[Entries taken from a collection]
>>>

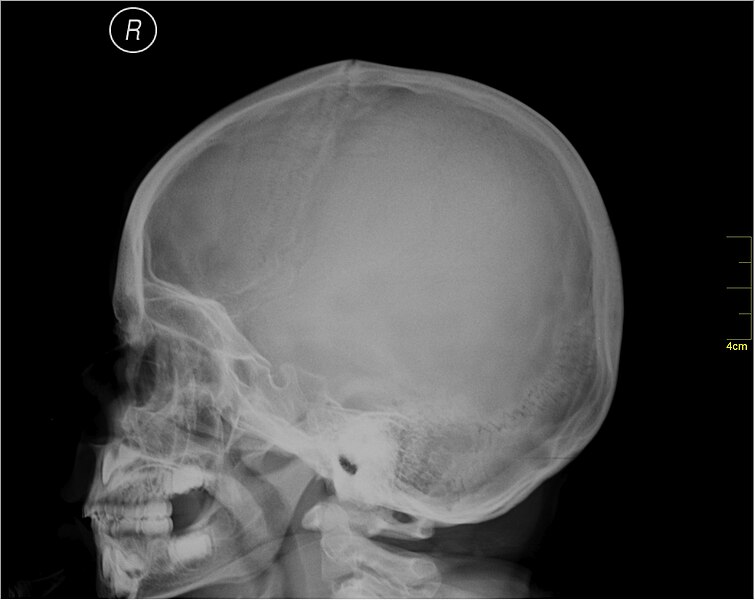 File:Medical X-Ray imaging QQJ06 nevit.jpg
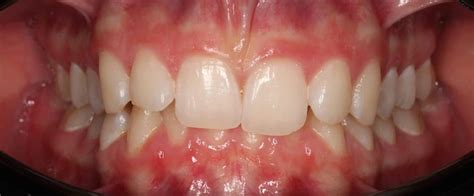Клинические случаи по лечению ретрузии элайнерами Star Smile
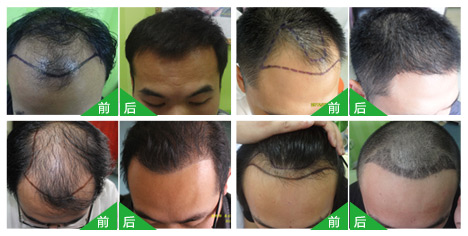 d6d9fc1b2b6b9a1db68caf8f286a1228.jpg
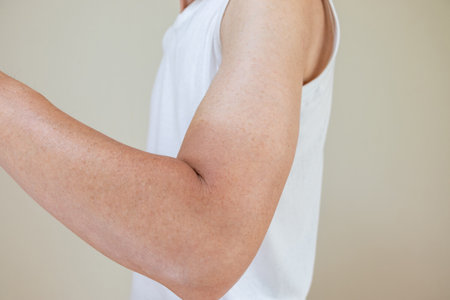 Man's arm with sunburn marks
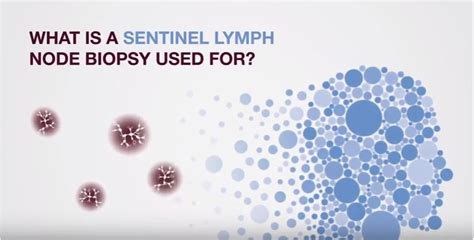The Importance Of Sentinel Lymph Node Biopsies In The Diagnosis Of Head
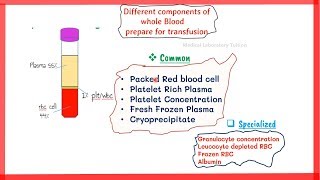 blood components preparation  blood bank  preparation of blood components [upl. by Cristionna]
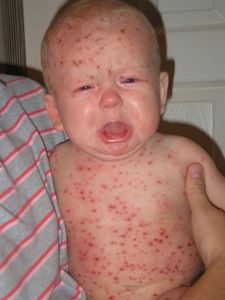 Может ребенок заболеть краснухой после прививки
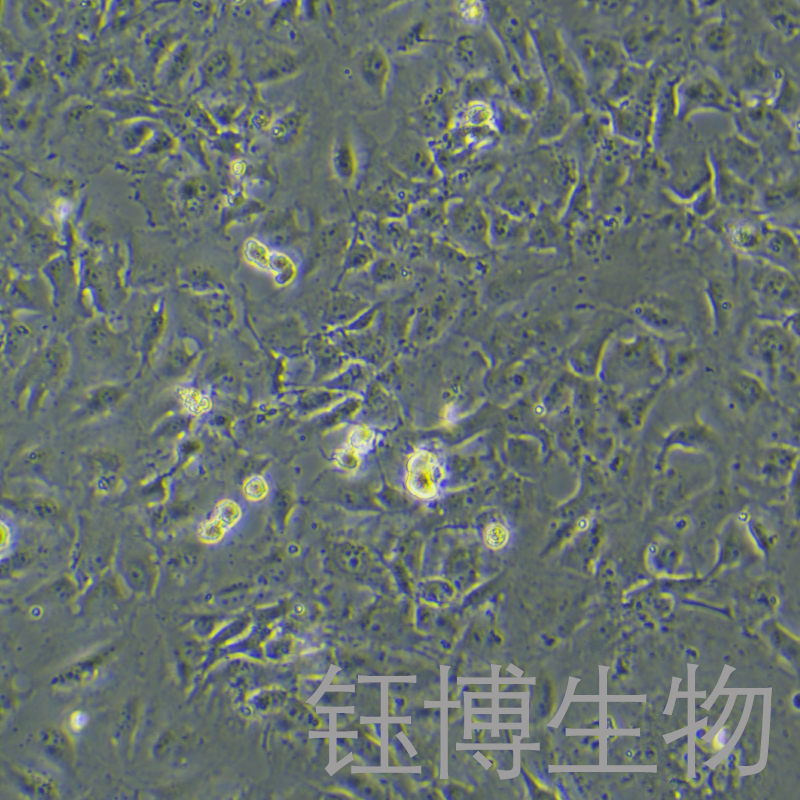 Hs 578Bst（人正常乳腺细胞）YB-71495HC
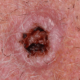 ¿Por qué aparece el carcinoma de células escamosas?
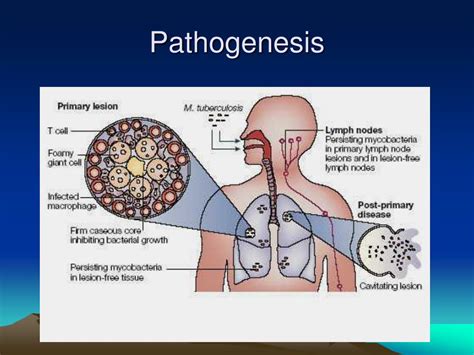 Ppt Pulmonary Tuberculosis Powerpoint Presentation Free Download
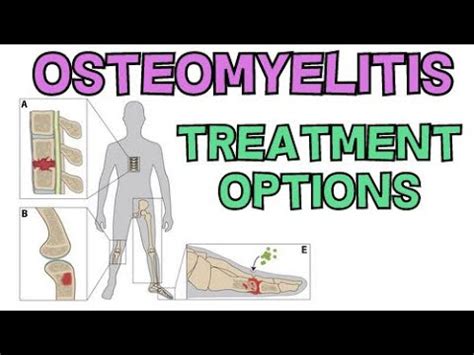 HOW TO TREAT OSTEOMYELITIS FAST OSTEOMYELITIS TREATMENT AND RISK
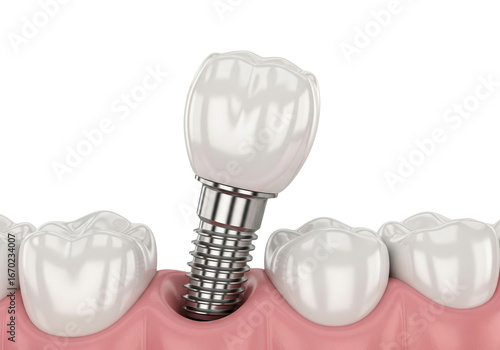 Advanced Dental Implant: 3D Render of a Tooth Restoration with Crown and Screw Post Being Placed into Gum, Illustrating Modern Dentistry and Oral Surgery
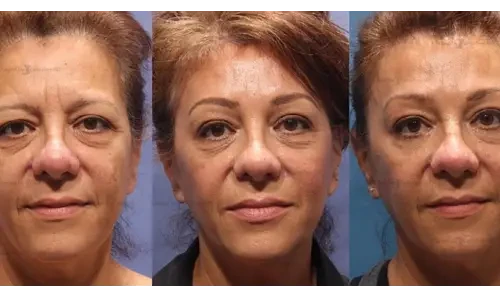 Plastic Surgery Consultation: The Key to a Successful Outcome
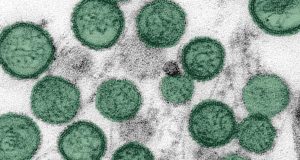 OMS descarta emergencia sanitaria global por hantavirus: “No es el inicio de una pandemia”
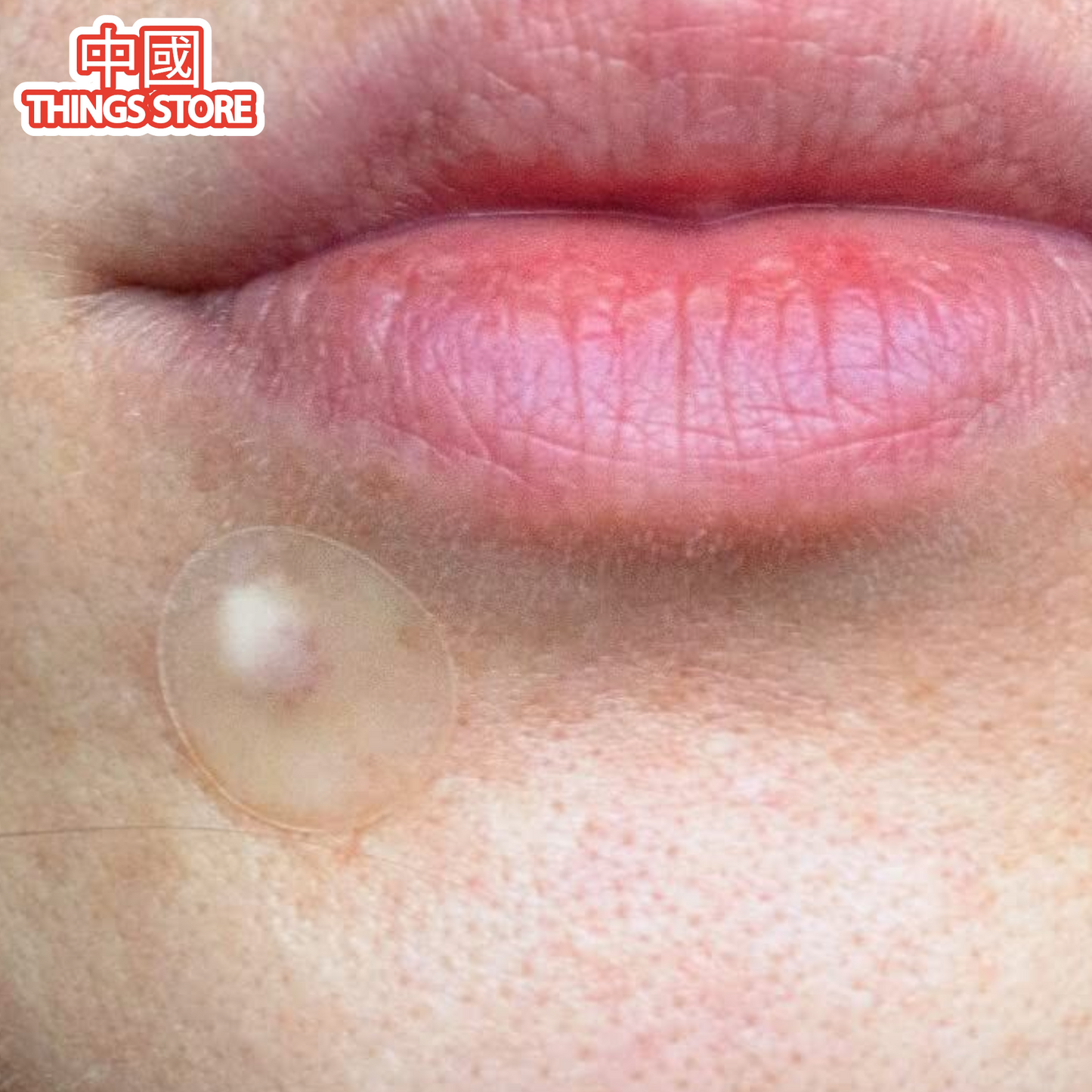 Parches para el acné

<<<

Transcribe every record above exactly, leaving out the pictures.

▸ **ANSWER BOX**:
 File:Medical X-Ray imaging QQJ06 nevit.jpg
Клинические случаи по лечению ретрузии элайнерами Star Smile
 d6d9fc1b2b6b9a1db68caf8f286a1228.jpg
 Man's arm with sunburn marks
The Importance Of Sentinel Lymph Node Biopsies In The Diagnosis Of Head
 blood components preparation  blood bank  preparation of blood components [upl. by Cristionna]
 Может ребенок заболеть краснухой после прививки
 Hs 578Bst（人正常乳腺细胞）YB-71495HC
 ¿Por qué aparece el carcinoma de células escamosas?
 Ppt Pulmonary Tuberculosis Powerpoint Presentation Free Download
 HOW TO TREAT OSTEOMYELITIS FAST OSTEOMYELITIS TREATMENT AND RISK
 Advanced Dental Implant: 3D Render of a Tooth Restoration with Crown and Screw Post Being Placed into Gum, Illustrating Modern Dentistry and Oral Surgery
 Plastic Surgery Consultation: The Key to a Successful Outcome
 OMS descarta emergencia sanitaria global por hantavirus: “No es el inicio de una pandemia”
 Parches para el acné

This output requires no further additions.